Les sentiments existent et cela suffit. Point n’est besoin d’en faire étalage. Autrefois, on trouvait même inconvenant d’accrocher au mur la photo de mariage; on la rangeait plutôt dans un tiroir.

Un jeune homme m’écrivait un jour : « Les sentiments sont faits comme les secrets, pour être gardés. Une fois sortis de la bouche, ils deviennent tout de suite moins beaux. On dit qu’en Chine, depuis la politique de réforme et d’ouverture, les gens sont de plus en plus « ouverts ». Pourtant, la pièce de théâtre que vous avez vue présente le point de vue traditionnel dans le domaine de l’amour souvent chanté par les Chinois : il vaut mieux souffrir soi-même pour le bonheur des autres que d’obtenir le bonheur en faisant souffrir les autres. Notre peuple sait tolérer la souffrance. » Cette opinion n’est pas exceptionnelle. Souffrir en silence est une grande vertu chinoise.

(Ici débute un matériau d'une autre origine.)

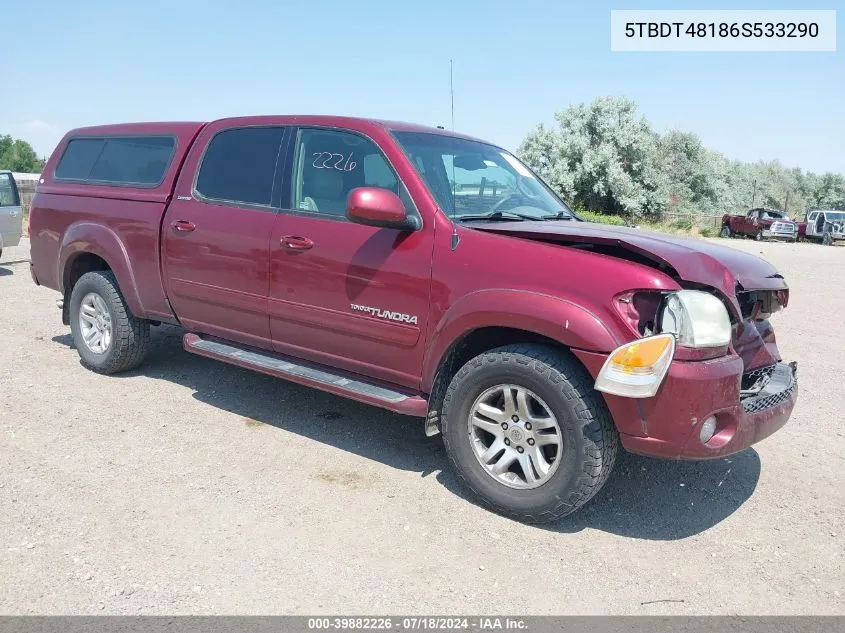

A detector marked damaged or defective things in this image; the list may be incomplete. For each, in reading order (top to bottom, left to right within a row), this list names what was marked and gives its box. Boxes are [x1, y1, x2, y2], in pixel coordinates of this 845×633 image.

damaged front bumper [572, 350, 796, 460]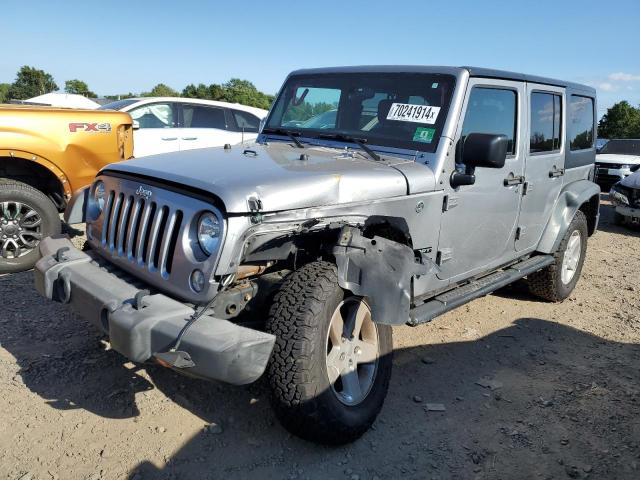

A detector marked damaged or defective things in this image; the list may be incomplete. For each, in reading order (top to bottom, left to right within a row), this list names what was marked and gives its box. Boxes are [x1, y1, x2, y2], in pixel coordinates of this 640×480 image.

crumpled fender [540, 180, 600, 255]
detached bumper [33, 234, 276, 384]
crumpled fender [332, 226, 432, 324]
front-end collision damage [332, 226, 432, 324]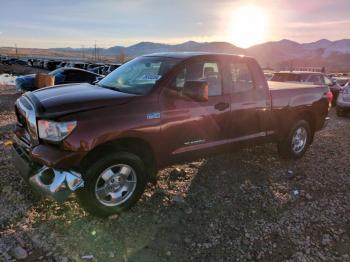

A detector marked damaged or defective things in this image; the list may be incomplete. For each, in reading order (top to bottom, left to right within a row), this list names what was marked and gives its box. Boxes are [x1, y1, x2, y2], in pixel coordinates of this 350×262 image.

damaged front bumper [11, 139, 84, 203]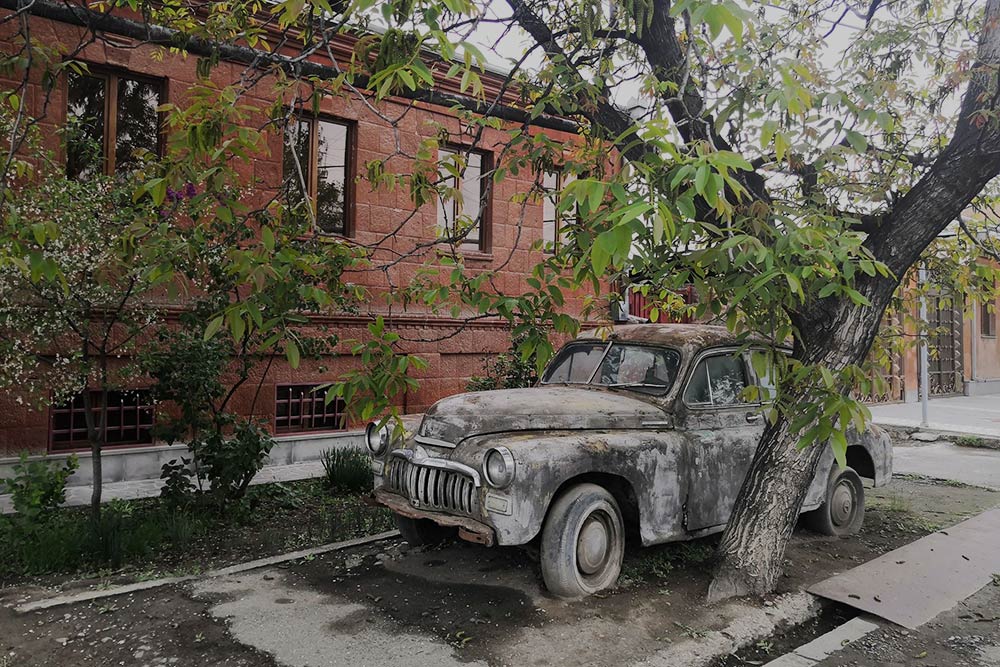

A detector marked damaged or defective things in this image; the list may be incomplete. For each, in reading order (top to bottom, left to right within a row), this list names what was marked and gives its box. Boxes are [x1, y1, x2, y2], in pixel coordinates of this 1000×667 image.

rusty metal [374, 488, 494, 544]
abandoned vintage car [366, 322, 892, 596]
broken board [808, 508, 1000, 628]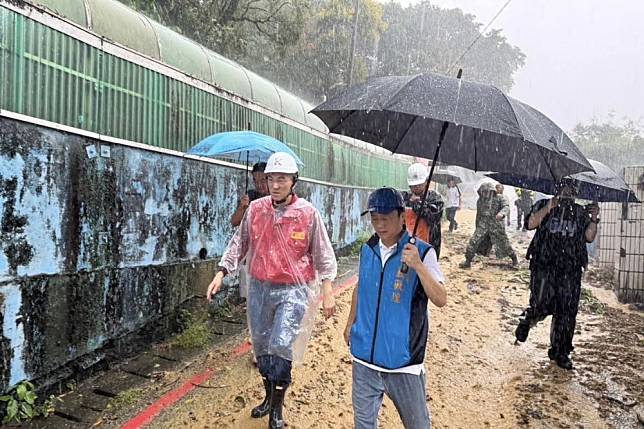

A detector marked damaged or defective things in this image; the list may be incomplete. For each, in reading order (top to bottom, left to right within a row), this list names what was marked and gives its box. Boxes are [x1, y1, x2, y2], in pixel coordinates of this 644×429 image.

rusty concrete wall [0, 117, 372, 392]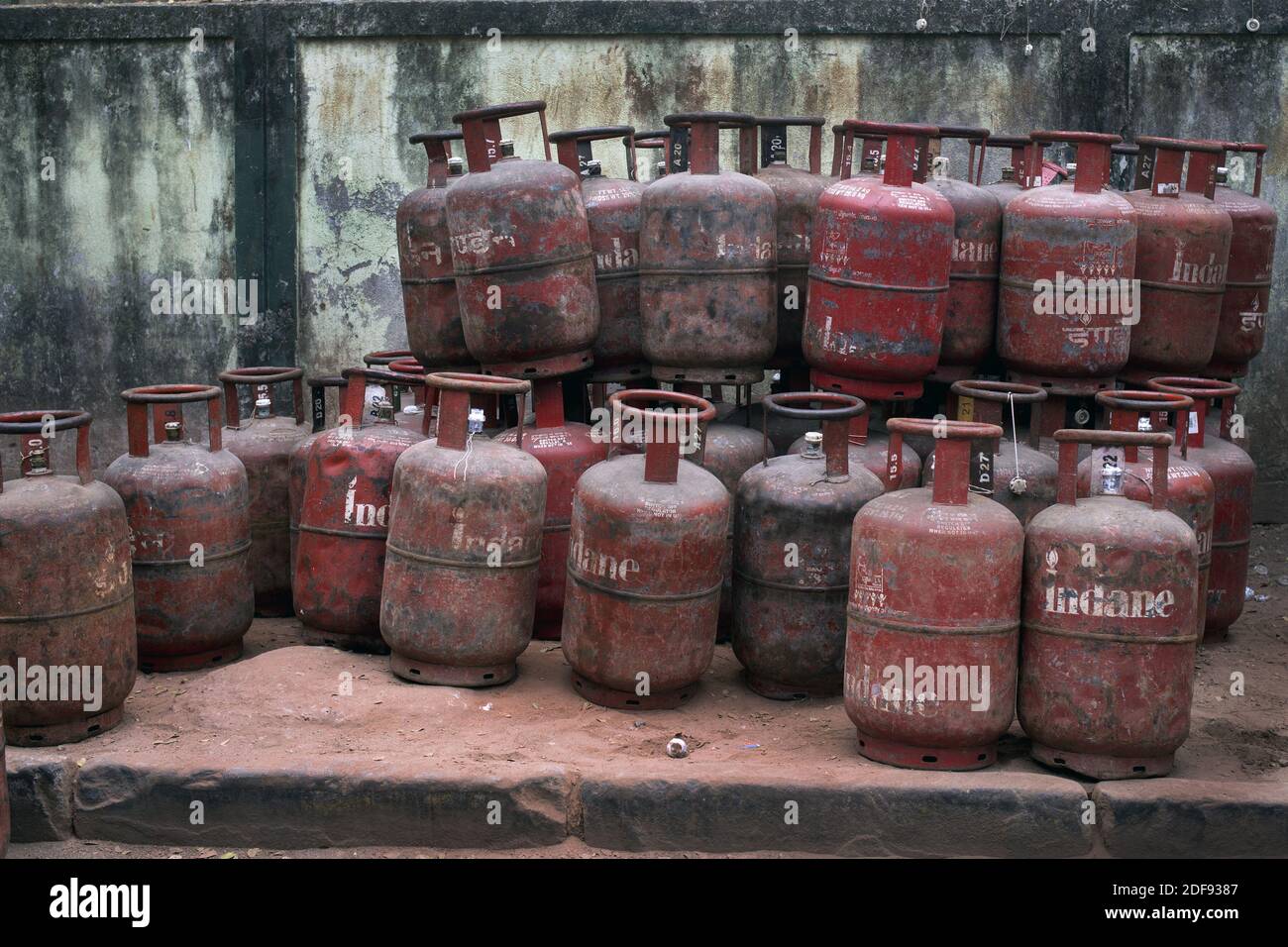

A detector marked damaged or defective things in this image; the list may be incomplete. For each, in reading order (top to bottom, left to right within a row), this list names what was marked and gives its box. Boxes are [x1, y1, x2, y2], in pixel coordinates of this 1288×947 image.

Par ignorance de la pensée chinoise, un Occidental aura plus d’une occasion de commettre des impairs ou de poser des jugements erronés. Ou encore, il en arrivera à détester la Chine sans trop savoir pourquoi.

Des goûts et des couleurs…

… on ne discute pas, enseigne le dicton. Quand je vois un spectacle, je suis toujours frappée par l’audace des Chinois dans l’harmonisation des couleurs. Nous, Occidentaux, n’oserions pas marier du lilas, du rose et de l’orangé, le tout frangé de noir. Et pourtant, l’effet est magnifique! Autant sur scène que dans la décoration des temples anciens, on voit le bleu et le vert – dont on m’a appris dans l’enfance qu’ils juraient quand on les plaçait côte à côte – se tenir par la main sans que rien ne choque. Les Chinois aiment en général les décorations très colorées.

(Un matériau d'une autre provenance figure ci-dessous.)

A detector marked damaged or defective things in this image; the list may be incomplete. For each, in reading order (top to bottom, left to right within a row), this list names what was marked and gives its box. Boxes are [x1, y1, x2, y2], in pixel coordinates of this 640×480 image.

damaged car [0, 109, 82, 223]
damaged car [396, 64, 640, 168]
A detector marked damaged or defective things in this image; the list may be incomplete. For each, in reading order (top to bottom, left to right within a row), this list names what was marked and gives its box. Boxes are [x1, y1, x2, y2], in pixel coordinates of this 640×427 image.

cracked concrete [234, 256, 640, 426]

Non seulement les goûts mais la vision diffère. J’ai peint un tableau qui est interprété de façon fort différente par les Chinois et par les Occidentaux. Dans la peinture chinoise, un court poème accompagne toujours l’image; donc les Chinois ont l’habitude de voir des caractères sur un tableau, sans support physique, tandis que les Occidentaux saisissent tout de suite que les trois caractères d’écriture ont été tracés avec le doigt sur une vitre embuée.

Plus d’une fois, dans mes premières années en Chine, je me suis fait dire (à mon grand déplaisir, je l’avoue) : « C’est parce que tu ne comprends pas notre mentalité », ou « Tu ne connais pas la psychologie des Chinois ». Pourtant, il me semblait m’être suffisamment ancrée parmi ce peuple, avoir assez vécu leur vie et non celle des étrangers, à leur façon et selon leur rythme, pour commencer à y voir clair. Était-ce de leur part une sorte d’excuse pour ne pas avoir à s’expliquer? Ou pour préserver leur traditionnelle réputation de nation insondable, mystérieuse et secrète? Je ne saurais dire, car même lorsque je leur posais la question, j’avais droit à un large sourire pour toute réponse. La petite phrase venait spontanément sur leurs lèvres comme un réflexe, à mon avis. Leur avait-on appris à s’en sortir de la sorte dès qu’un étranger les abordait avec une idée différente ou nouvelle?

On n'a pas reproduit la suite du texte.